Results revealed increased (within-category) pattern similarity for animate compared to inanimate stimuli in the occipito-temporal cortex of dogs (i.e., caudal suprasylvian and splenial gyrus) and humans (i.e., middle occipital gyrus) overlapping with the identified fROIs. In human participants, we additionally observed increased similarity in the cerebellum and fronto-parietal regions (Tables S4-S5). In brief, this indicates distinct neural representations of animate compared to inanimate stimuli in higher-order visual regions of both species.
2.2.1 Similar and divergent neural representations for bodies and faces
Moving on to neural representations for bodies and faces, for bodies we observed increased pattern similarity compared to inanimate objects in higher-order visual areas in the occipito-temporal cortex, partially overlapping with the identified fROIs, and the cerebellum in both species (Fig 3B). Within the same regions (and again, in both species), we also observed distinct activation patterns for conspecific compared to heterospecific bodies.

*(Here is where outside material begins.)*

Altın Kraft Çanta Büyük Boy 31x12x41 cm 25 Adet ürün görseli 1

Furthermore, when the dogs viewed dog bodies, results revealed increased similarity in limbic structures and regions associated with olfaction (Fig 3C). In humans, we observed increased similarity for human compared to dog bodies in fronto-parietal regions associated with action perception [63–65] (Fig 3C).

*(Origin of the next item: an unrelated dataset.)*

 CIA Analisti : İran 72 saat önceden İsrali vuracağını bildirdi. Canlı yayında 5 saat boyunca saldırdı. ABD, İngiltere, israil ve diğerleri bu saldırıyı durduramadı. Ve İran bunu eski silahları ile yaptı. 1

Observing faces compared to inanimate objects resulted in significantly increased pattern similarity in occipito-temporal cortices of both species and again in dog olfactory structures (Fig 3D). Comparing similarity patterns for faces vs. bodies, we only found significant differences for the human participants (see Tables S4-5 for detailed results and Fig S1 for a schematic summary of the main results).
3 Discussion
Our findings revealed that the occipito-temporal cortex has a prominent role in the perception of animate entities in both dogs and humans. This suggests that the neural processing of animate vs. inanimate stimuli across mammalian brains may either have an old evolutionary origin in the common ancestors of canines and primates or is the result of convergent evolution [47]. However, within these regions, only humans displayed an additional sub-division into distinct face- and body-sensitive brain regions. Moreover, only dogs showed distinct responses to human and dog faces as well as dog bodies in olfactory areas (see Fig S1 for summary of the results). These findings suggest a divergent evolution of the neural bases of face and body perception (or processing) in dogs and humans. The differential engagement of visual and olfactory brain functions would fit particularly well with the differential sensitivity and preferential use of these perceptual systems to infer social and contextual information.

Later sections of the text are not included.